[Web page caption snippets]
—————

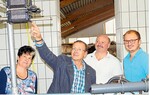 Christine Bohner, Energieberater Berthold König, Oskar und Markus Bohner (von links). Sie inspizieren den Plattenvorkühler im Melkstand der Dorn-Bohner GbR in Hittisweiler.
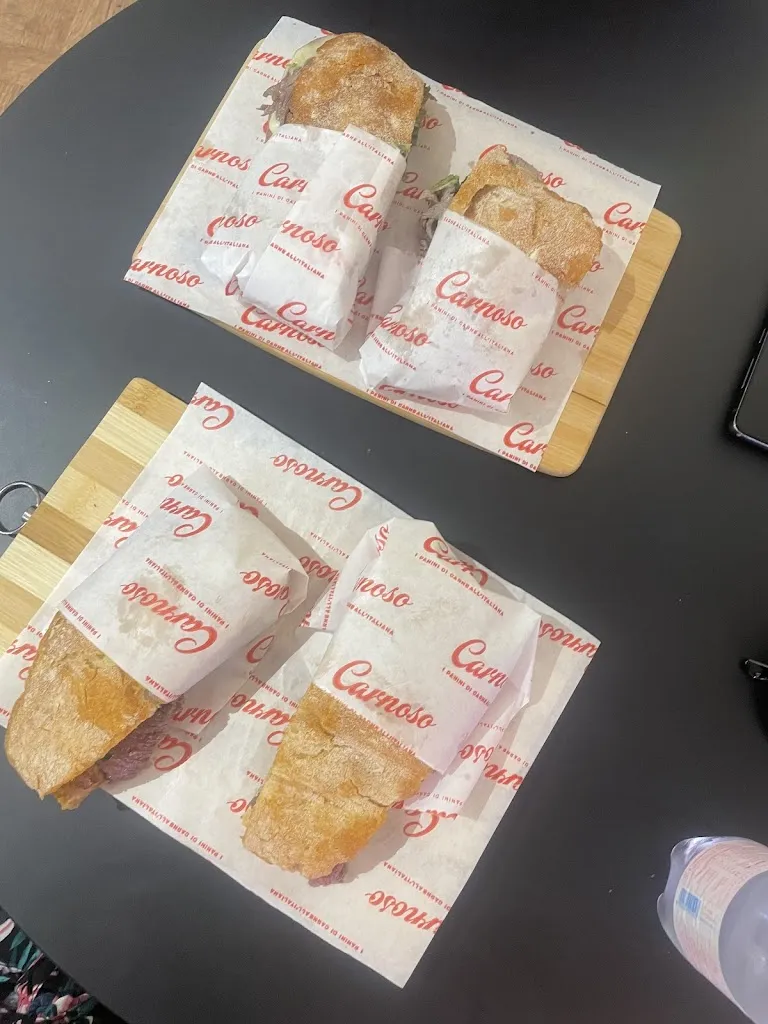 Martina Sclabas_Carnoso - I panini di carne all'Italiana_Sestu_review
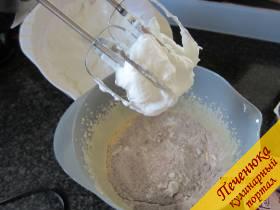 3) Муку смешаем с разрыхлителем и какао или шоколадной пудрой, добавим к желткам. Крепкую пену введём.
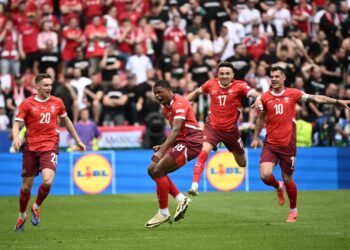 PENYERANG Switzerland, Kwadwo Duah (dua dari kiri) meraikan kejayaannya menjaringkan gol pertama pasukan bersama rakan sepasukan ketika menentang Hungary dalam aksi Kumpulan A Euro 2024 di Stadium Cologne. - AFP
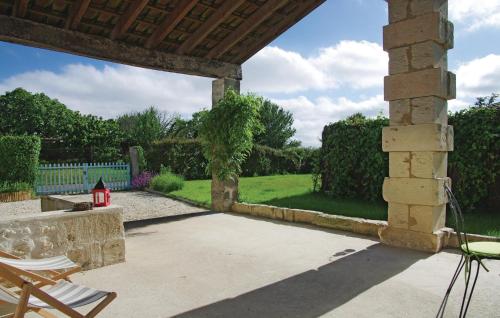 Amazing home in St Fort sur Gironde with 3 Bedrooms and WiFi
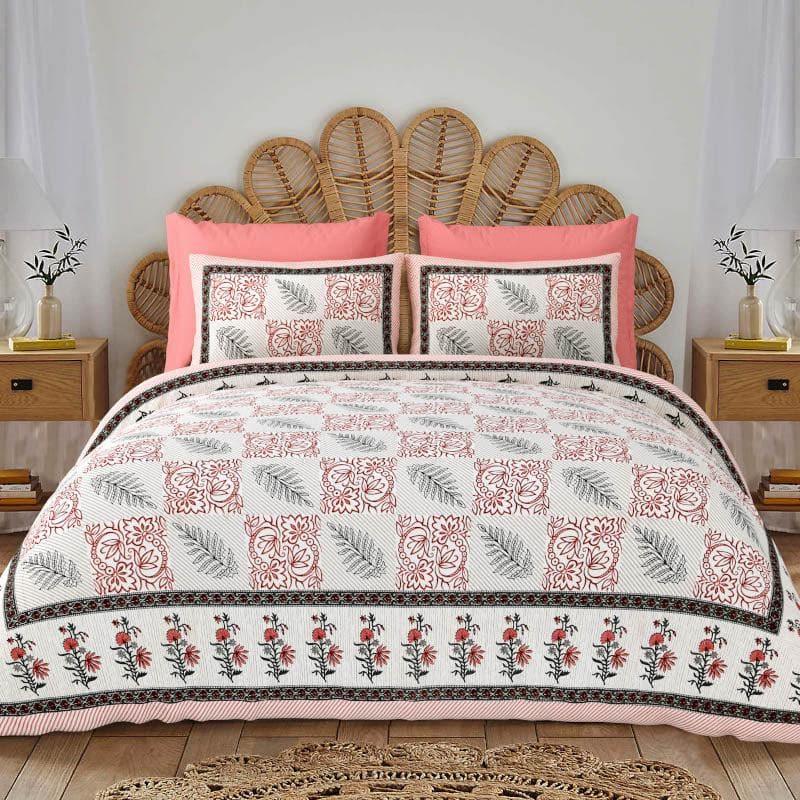 Buy Nurvi Floral Bedsheet - Pink Bedsheets from Vaaree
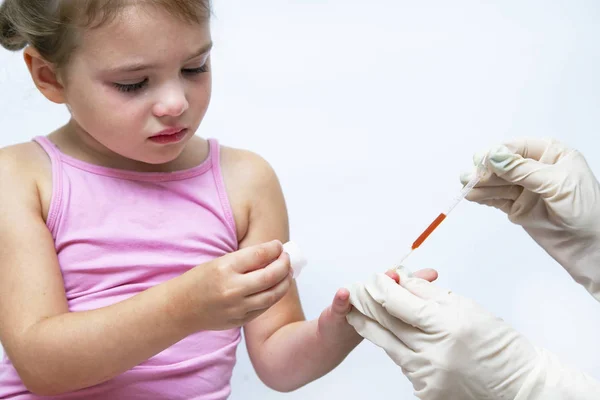 Imagem da menina que tem coleta de sangue para testes — Fotografia de Stock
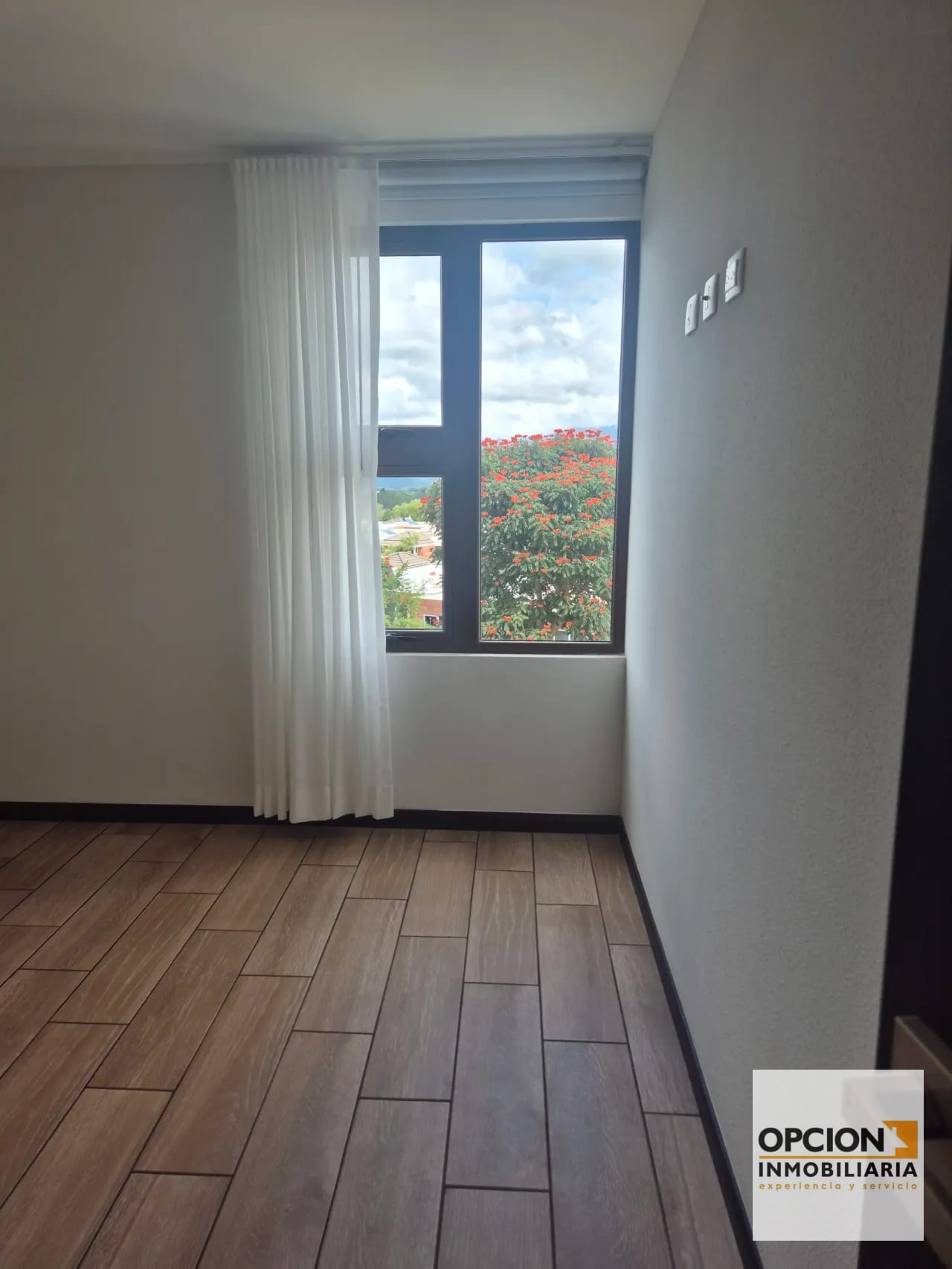 Rento Apartamento Z. 16 San Isidro 2021 T4 (copia) — Apartamento en Alquiler en San Isidro 20/21, Zona 16, Guatemala, Ciudad — foto 5 de 12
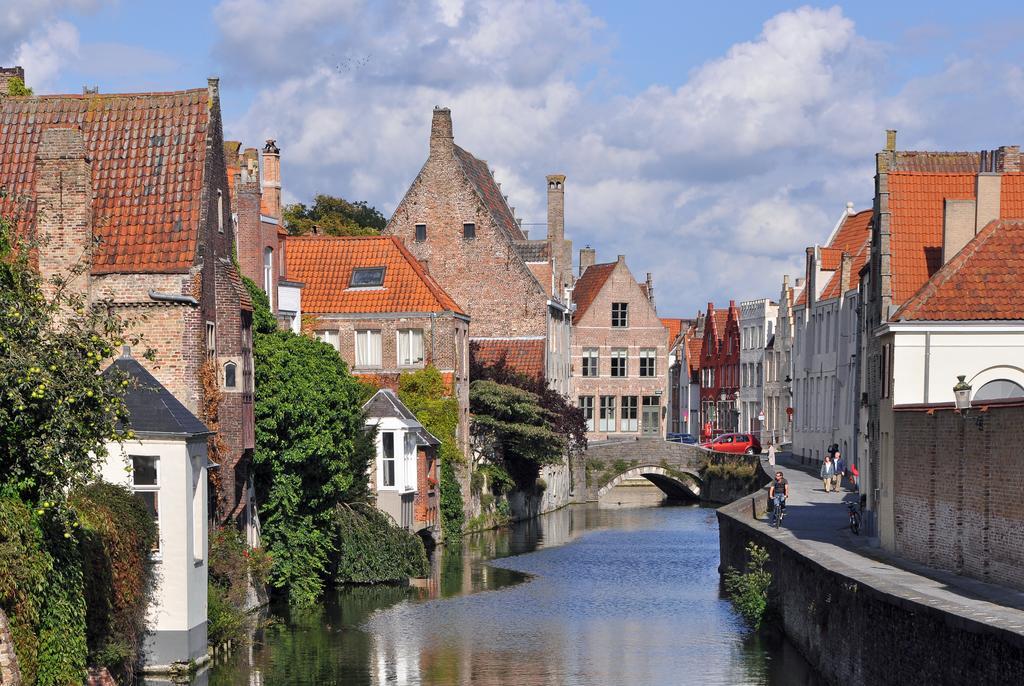Value Stay Brugge Bagian luar foto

—————

(Required action)
Leaving every picture out, return the lines from the one containing "Buy Nurvi Floral" through the last line of the records exactly.

(Result for this exercise)
 Buy Nurvi Floral Bedsheet - Pink Bedsheets from Vaaree
 Imagem da menina que tem coleta de sangue para testes — Fotografia de Stock
 Rento Apartamento Z. 16 San Isidro 2021 T4 (copia) — Apartamento en Alquiler en San Isidro 20/21, Zona 16, Guatemala, Ciudad — foto 5 de 12
Value Stay Brugge Bagian luar foto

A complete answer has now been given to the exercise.